An incurable case of conflict
Q: What happens when an immovable object meets an unstoppable force?
Q: What happens when an immovable object meets an unstoppable force?
A: Cliché.
And true to the clichés, it’s safe to suggest that we are all stuck on the same boat, especially when it’s fast sinking under our cumulative weight of undue expectations. Our actions define us, not the other way around; a home truth we learn very late in life. As kids, we tend to believe that we will get to be something and then do something when in reality, you’ve got to do something first in order to be something later. In this peculiar context, words don’t mean much. What’s done outruns what was said.
If you’ve watched Breaking Bad (2008–13) a while ago, you may not remember every little detail but you must remember Mike Ehrmantraut’s thoughts on half measure. In life, you either go for something or you don’t. There shouldn’t be space left for self-imposed dilemma. Half measures don’t accomplish anything other than unintended regrets and intended mischieves. Easier dialogued than done, right? Almost. It’s only when you get up from your cushy chair and look out of the window that you notice the sunburned souls who have little time to waste on the vagaries of choice. They get shit done. These are the ones who build our roads, bridges, buildings, parks, dams and everything else that you needs to be built over the century.
As for you and me, the privileged lot, blessed by the warmth of the Internet as well as the chill of an air-conditioned room, things should have been much more difficult. Yes, situations do change — from great to worst and vice versa. Our tragedy is not that things can always be worse. Our tragedy is that it isn’t. Yet. On a philosophical level, even a wastrel can claim that his existence has a meaning. What exactly? Privacy issues. He won’t tell you simply because he doesn’t need to. He is not answerable to our criteria or understanding of moral dictionary.
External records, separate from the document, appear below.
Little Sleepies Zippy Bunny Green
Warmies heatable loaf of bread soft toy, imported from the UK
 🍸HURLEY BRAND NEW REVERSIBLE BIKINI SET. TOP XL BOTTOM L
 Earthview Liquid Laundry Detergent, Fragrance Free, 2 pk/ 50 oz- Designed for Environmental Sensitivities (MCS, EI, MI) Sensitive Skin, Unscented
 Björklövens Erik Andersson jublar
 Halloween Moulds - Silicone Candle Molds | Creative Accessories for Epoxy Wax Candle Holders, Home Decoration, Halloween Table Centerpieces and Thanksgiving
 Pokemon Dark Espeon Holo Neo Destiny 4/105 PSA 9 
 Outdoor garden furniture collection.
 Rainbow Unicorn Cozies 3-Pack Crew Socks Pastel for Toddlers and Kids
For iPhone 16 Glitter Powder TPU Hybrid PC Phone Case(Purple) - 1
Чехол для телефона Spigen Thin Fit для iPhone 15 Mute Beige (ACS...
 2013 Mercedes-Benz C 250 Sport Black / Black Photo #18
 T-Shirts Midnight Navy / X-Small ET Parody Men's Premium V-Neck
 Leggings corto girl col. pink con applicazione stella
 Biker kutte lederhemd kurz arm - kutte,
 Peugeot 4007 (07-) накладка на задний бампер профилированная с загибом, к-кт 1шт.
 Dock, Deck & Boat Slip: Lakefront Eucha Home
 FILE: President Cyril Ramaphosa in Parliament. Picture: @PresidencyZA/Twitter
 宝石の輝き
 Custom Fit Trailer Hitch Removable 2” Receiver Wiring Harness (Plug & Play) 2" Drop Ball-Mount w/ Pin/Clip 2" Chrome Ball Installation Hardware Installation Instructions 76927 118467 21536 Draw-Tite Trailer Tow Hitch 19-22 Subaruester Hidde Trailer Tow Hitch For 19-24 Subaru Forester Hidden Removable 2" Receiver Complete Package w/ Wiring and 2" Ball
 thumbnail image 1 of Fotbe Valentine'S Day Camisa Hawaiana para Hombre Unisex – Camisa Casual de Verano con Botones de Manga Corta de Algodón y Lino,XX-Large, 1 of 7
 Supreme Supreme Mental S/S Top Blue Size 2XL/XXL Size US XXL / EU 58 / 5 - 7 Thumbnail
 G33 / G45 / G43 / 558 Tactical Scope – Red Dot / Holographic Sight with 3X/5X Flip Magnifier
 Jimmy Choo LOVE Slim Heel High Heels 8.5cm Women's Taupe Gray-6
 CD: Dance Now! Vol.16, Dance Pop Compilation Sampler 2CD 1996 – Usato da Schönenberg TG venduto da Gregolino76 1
Which, again, leaves us stranded on the edge of nowhere.
Despite our endless cries for adding meaning to our lives, we are somehow miles away from achieving this stage of no return. Once you lead a meaningful life, is it even possible to return to meaninglessness? Maybe the answer to this corollary is hidden in the basic fact of life: You can lead a meaningful life only if you are selfless. Noble words like kindness, compassion and empathy don’t turn their backs on those who embrace them. The challenge is how to think out of the box when the box is our skull itself. How can narcissism be defeated in a world filled with mirrors?
Now is a good time to revisit the dilemma mentioned earlier. When you refuse to struggle, you don’t move. You are, for lack of better words, sessile. Granted, you don’t like confrontation? Good for you. But throughout your journey, you’ll end up turning a blind eye to a lot of awful realities which could have been averted had you introduced yourself to your fears properly. A part of you wants to fight and do the right thing but another part of you wants to cower in the corner of comfort. Maybe, during such moments, a part of you call a brain should go for the right button. No half measures, please. Nothing good has ever come out of it. If you’ve joined engineering, complete it. If you’re married, see to it that you give your everything. And the same principle applies to a lot of other areas of human behaviour wherein nobody is there to ask us whether we want to stop because we are afraid of what lies ahead or because we are forced by our habit to avoid a conflict.